Repeat the stretch of entries below from the line with "انقطاع الكهرباء عن" through the line with "Phuket, Thaïlande Portrait". Include both ends and add nothing.

**Records provided**
——

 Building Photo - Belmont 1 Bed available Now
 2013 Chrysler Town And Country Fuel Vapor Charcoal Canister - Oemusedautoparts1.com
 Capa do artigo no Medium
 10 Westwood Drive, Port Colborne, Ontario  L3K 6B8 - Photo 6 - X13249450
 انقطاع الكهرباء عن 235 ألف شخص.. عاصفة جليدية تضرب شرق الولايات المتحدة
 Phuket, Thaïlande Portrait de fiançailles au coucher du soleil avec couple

——

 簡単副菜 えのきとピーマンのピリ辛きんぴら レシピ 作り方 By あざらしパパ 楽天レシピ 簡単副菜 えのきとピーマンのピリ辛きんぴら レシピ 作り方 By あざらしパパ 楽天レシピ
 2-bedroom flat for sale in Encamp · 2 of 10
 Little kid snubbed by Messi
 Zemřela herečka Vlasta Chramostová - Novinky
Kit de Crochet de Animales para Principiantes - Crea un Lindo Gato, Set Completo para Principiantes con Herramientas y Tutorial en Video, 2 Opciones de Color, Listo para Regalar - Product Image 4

——

**Exercise output**
 انقطاع الكهرباء عن 235 ألف شخص.. عاصفة جليدية تضرب شرق الولايات المتحدة
 Phuket, Thaïlande Portrait de fiançailles au coucher du soleil avec couple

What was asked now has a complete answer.